# AVAILABLE DATA:
☆ ☆ ☆ ☆ ☆

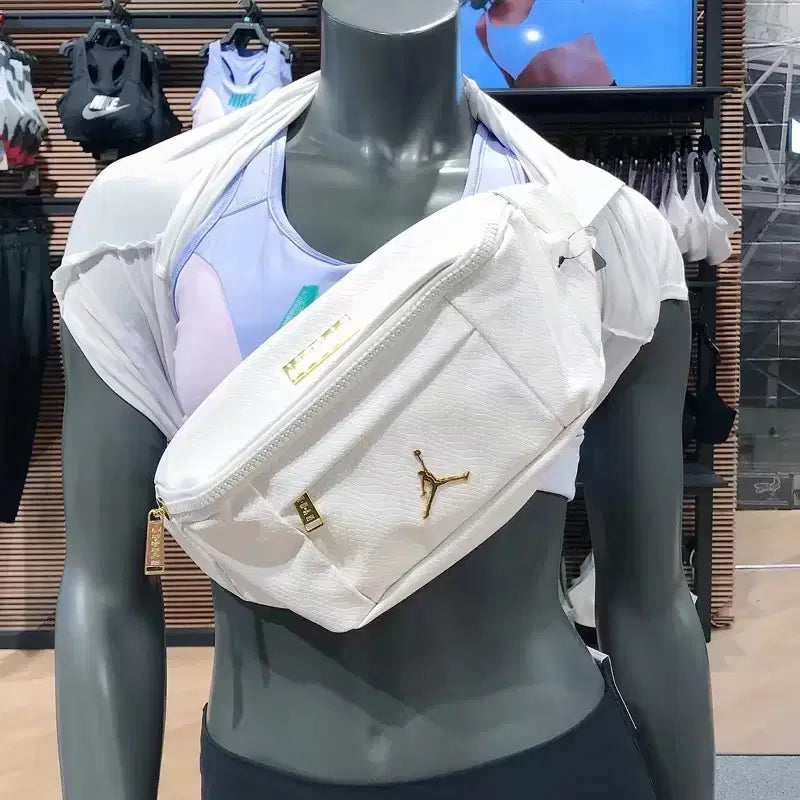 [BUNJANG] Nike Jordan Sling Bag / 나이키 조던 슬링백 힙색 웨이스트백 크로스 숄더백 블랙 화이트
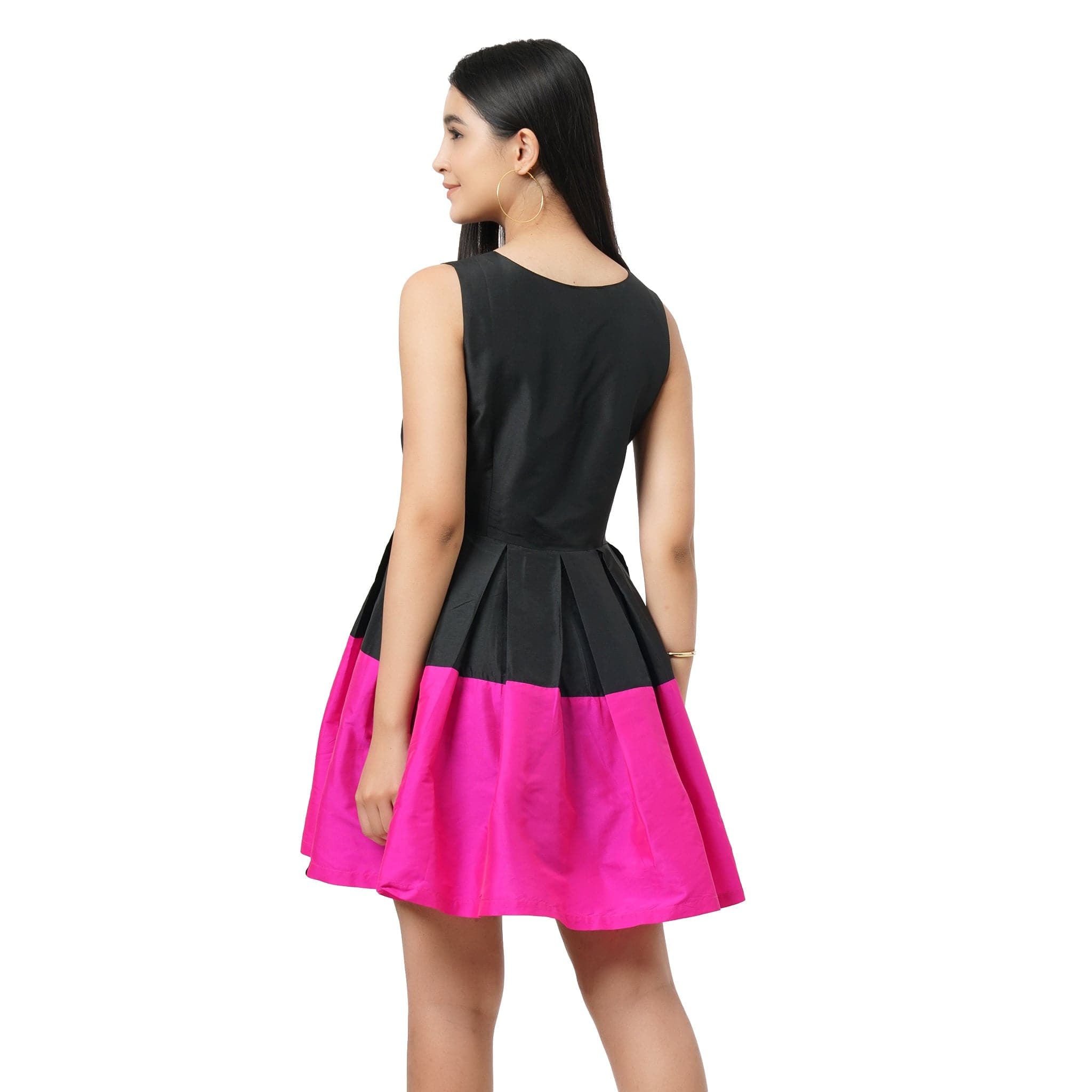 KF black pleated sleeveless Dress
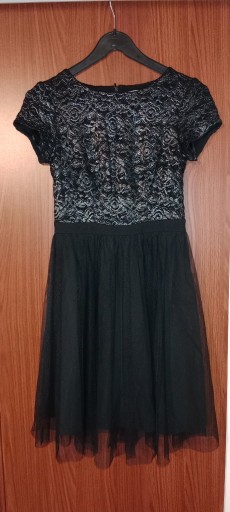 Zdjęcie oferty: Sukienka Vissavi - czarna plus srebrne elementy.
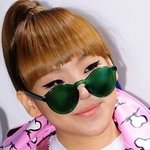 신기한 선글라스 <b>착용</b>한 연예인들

☆ ☆ ☆ ☆ ☆

# EXERCISE DESCRIPTION:
Omit the pictures, then output the rest of the listing exactly.

# RESPONSE FOR THIS EXERCISE:
 [BUNJANG] Nike Jordan Sling Bag / 나이키 조던 슬링백 힙색 웨이스트백 크로스 숄더백 블랙 화이트
 KF black pleated sleeveless Dress
 Zdjęcie oferty: Sukienka Vissavi - czarna plus srebrne elementy.
 신기한 선글라스 <b>착용</b>한 연예인들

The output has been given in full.